Problem to solve:
The material below should be copied line for line, please, with pictures omitted.

Supplied material:
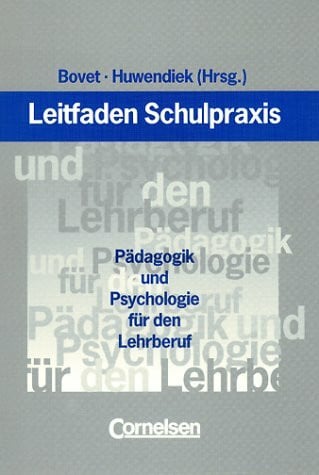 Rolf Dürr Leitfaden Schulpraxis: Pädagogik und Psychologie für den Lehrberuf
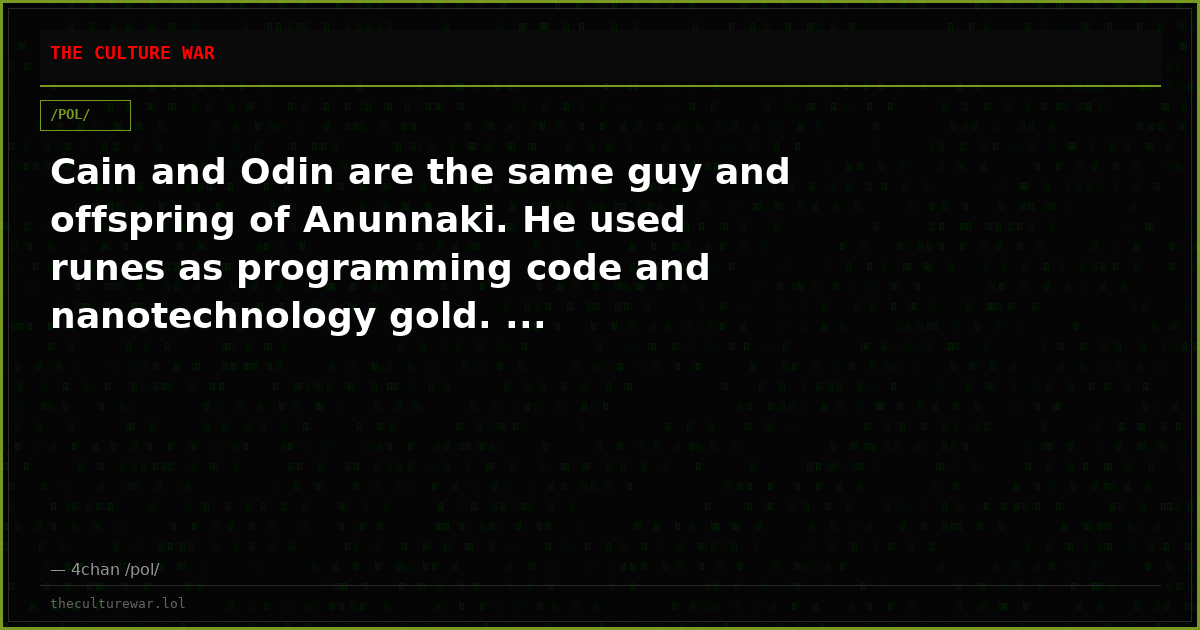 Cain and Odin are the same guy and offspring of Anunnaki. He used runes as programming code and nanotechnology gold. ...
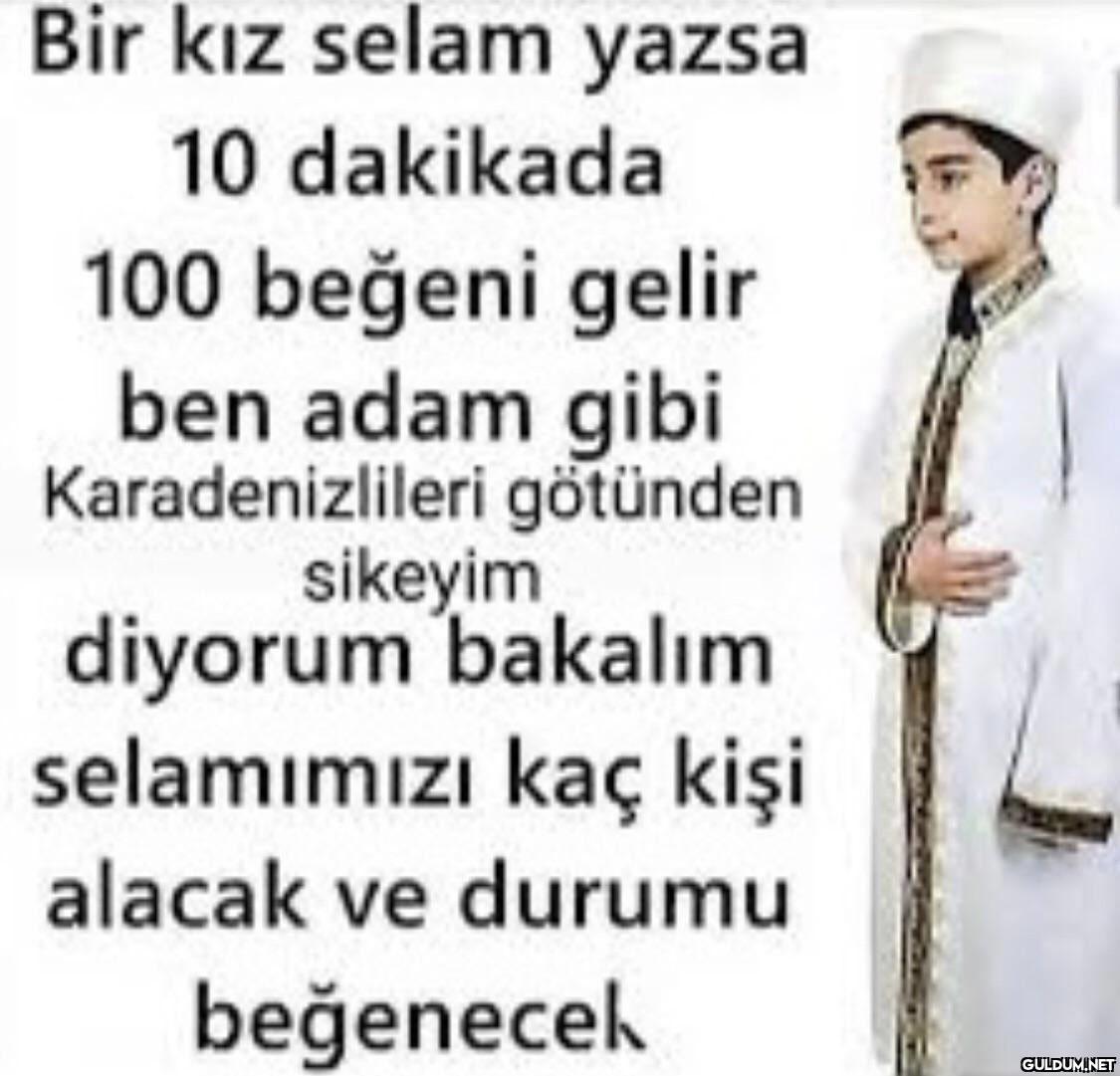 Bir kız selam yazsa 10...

Response area:
 Rolf Dürr Leitfaden Schulpraxis: Pädagogik und Psychologie für den Lehrberuf
 Cain and Odin are the same guy and offspring of Anunnaki. He used runes as programming code and nanotechnology gold. ...
 Bir kız selam yazsa 10...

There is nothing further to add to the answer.